The millions of dollars the state is giving to the municipality was specifically earmarked for "critical and deferred maintenance" on a set of big infrastructure projects constructed in the 1980s, wrote legislative counsel Hilary Martin in her legal opinion. Anchorage Sens. Bill Wielechowski and Berta Gardner, both Democrats, released Martin's memo along with a written statement to reporters Tuesday morning.
Originally, a big chunk of that money was aimed at expanding and repairing the Dempsey-Anderson Ice Arena on Northern Lights Boulevard near Minnesota Drive.
"A new building does not seem to be to be deferred and critical maintenance," Martin wrote. "A new building would also not seem to be a Project 80s building. In my opinion, construction of a new facility for tennis courts would not be within the scope of the appropriation."

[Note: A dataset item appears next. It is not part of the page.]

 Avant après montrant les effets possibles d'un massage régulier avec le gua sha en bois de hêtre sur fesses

Because of the legal issues, using the appropriation to build new courts would also put the municipality at risk of a lawsuit, and taxpayers might end up footing the full bill for the facility if a suit against the project was successful, Wielechowski said in a phone interview.

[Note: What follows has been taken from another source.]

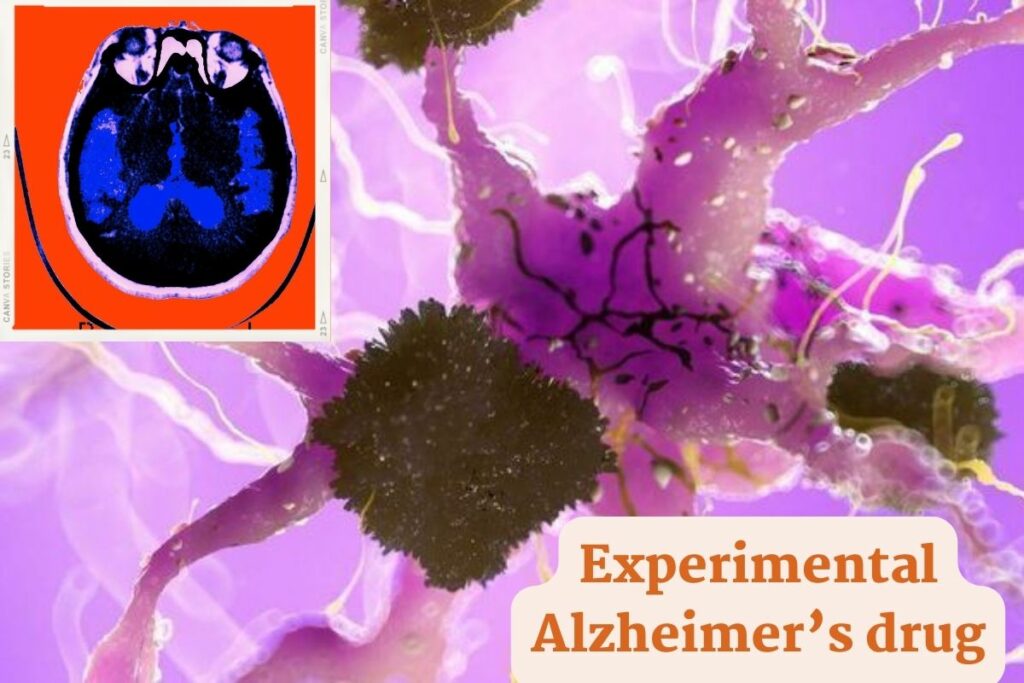 Experimental Alzheimer’s drug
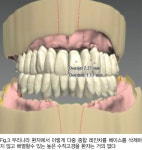 [임상특강] 의치 베이스만 밀링으로 제작하자 - 덴탈아리랑 [임상특강] 의치 베이스만 밀링으로 제작하자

"That's the real problem that the municipality faces, that they can go ahead and try to use this money for tennis courts, but if they do, there's a good chance it's illegal and they're going to have to pay that money back to the state, because it violates the grant," Wielechowski said.
That's not true, said Anchorage Mayor Dan Sullivan, a supporter of the project. Another legal opinion from a legislative affairs attorney in 2010, released by City Hall on Tuesday, says that if the appropriation for a project does not "explicitly address an issue," the agency receiving the money can rely on the project summaries as backup material to help understand the Legislature's intent.
The 2010 opinion was written on another issue, but the mayor's office said it was relevant to the rec center construction.
Sullivan pointed to another document that he said boosted his case: an October 2013 letter from the director of the state Division of Community and Regional Affairs, which administers and oversees state grants. In the letter, Scott Ruby wrote that the project summary for the $37 million appropriation is "very clear" that the Legislature's intent was to fund the new indoor, multi-use courts.
Asked if the more-recent legislative legal opinion carried more weight, Sullivan said no.
"Newer means nothing. The point of the matter is that the agency that actually administers these grants is whose legal opinion is probably more viable," Sullivan said. "You can get any legal opinion you want."
The analysis that Wielechowski and Gardner released Tuesday was politically motivated, Sullivan said. The mayor disagreed that the legal questions raised in the memo opened the municipality up to a lawsuit.
Hall, the Assembly chair, said he expected the 11-member Assembly to ignore the conflicting legal opinions and have a final vote on previous proposals up for reconsideration.
"I'm just hopeful that the votes will be there to make a decision," Hall said.